Hemhem crown was an ancient Egyptian ceremonial headgear, in the form of an ornate triple atef with corkscrew sheep horns and usually two uraei. The Egyptian word "hemhem" means "to shout", "cry out", possibly indicating that the hemhem crown represented a battle horn.

An early use of the hemhem crown is shown on the golden throne of 18th Dynasty Pharaoh Tutankhamun. Later the hemhem crown was shown on the images of non-Egyptian rulers, such as Nubians Natakamani, Arnekhamani or Silko of Nobadia. Cyrus the Great is seen wearing the crown in a bas-relief found in Pasargadae.

Description 
The hemhem crown is a more elaborate version of the atef crown; because of this, it was sometimes referred as the Triple Atef Crown. Heka the god of magic was illustrated wearing the hemhem crown. The crown is connected to the rising of the sun, which is interpreted as ‘rebirth’ and it is often seen in hieroglyphs with a solar child inside a lotus flower. This crown became known during the Ptolemaic period.

History 
The hemhem crown originated in the 18th Dynasty, and was worn during significant ceremonies. The symbolic interpretation behind this crown was to boast the power of the Pharaoh. Also, the crown was worn during warfare – this was signified by the meaning of hemhem as 'scream' – but it was worn during many festivals as well.  It was also used in the ritual crowning of the new king, which was done by two gods. However, the first noted appearance of the hemhem crown was during the reign of Akhenaten and then discovered in the tomb of Amarna. A young king named Tutankhamen wore the crown in a different manner; he would place the crown on the back of the throne.  This was also discovered in his tomb.

Features 
The crown is set on top of a pair of long spiral ram's horns, and it is commonly seen with a cobra on either side of the crown. It was created with reeds and ostrich feathers, along with feathers from many other birds. The hemhem was the Triple Rush Crown, and was worn tilted towards the back of the head – contrary to how crowns are normally worn. Another type of hemhem crown has three falcon birds in place of the three sun disks. This type of crown signifies the reign over Lower Egypt; the combination of the sun disks and the falcon shows the power over Lower Egypt along with Upper Egypt. The hemhem crowns occur more frequently from the time of Ptolemy VI onwards. The symbols on the crown, such as reeds and uraeuses signify a later time period. The more intricate the carvings on the crown, the later the time period of the crown.

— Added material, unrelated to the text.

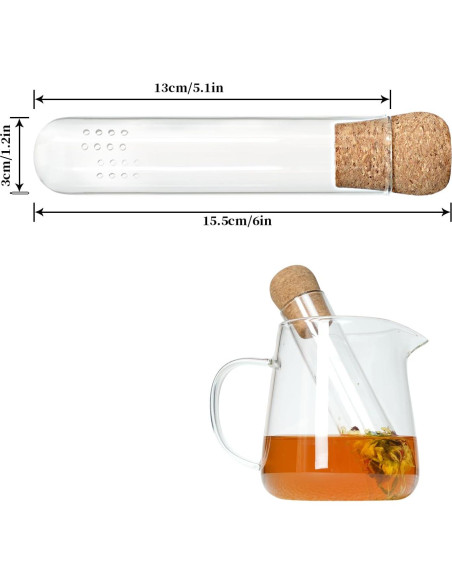 Infusores de Té de Vidrio 2 Pcs Werduoland con Tapa de Corcho Infusores de Té de Vidrio 2 Pcs Werduoland con Tapa de Corcho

Falcons and horn imagery are not part of the early Ptolemaic period and are rarely depicted in hieroglyphs during that time period. Many other features of the crown, such as feathers from different animals, are all found in different time periods. Each feather added on the hemhem crown has significance to its time period. The form of the crown was constantly changing according to the time period; different items would be added on or taken off, or the shape of the crown would change. The crown was often depicted along with the nemes – the striped headcloth – and just as each time period had its significance, so did the collaboration of the nemes and the hemhem crown.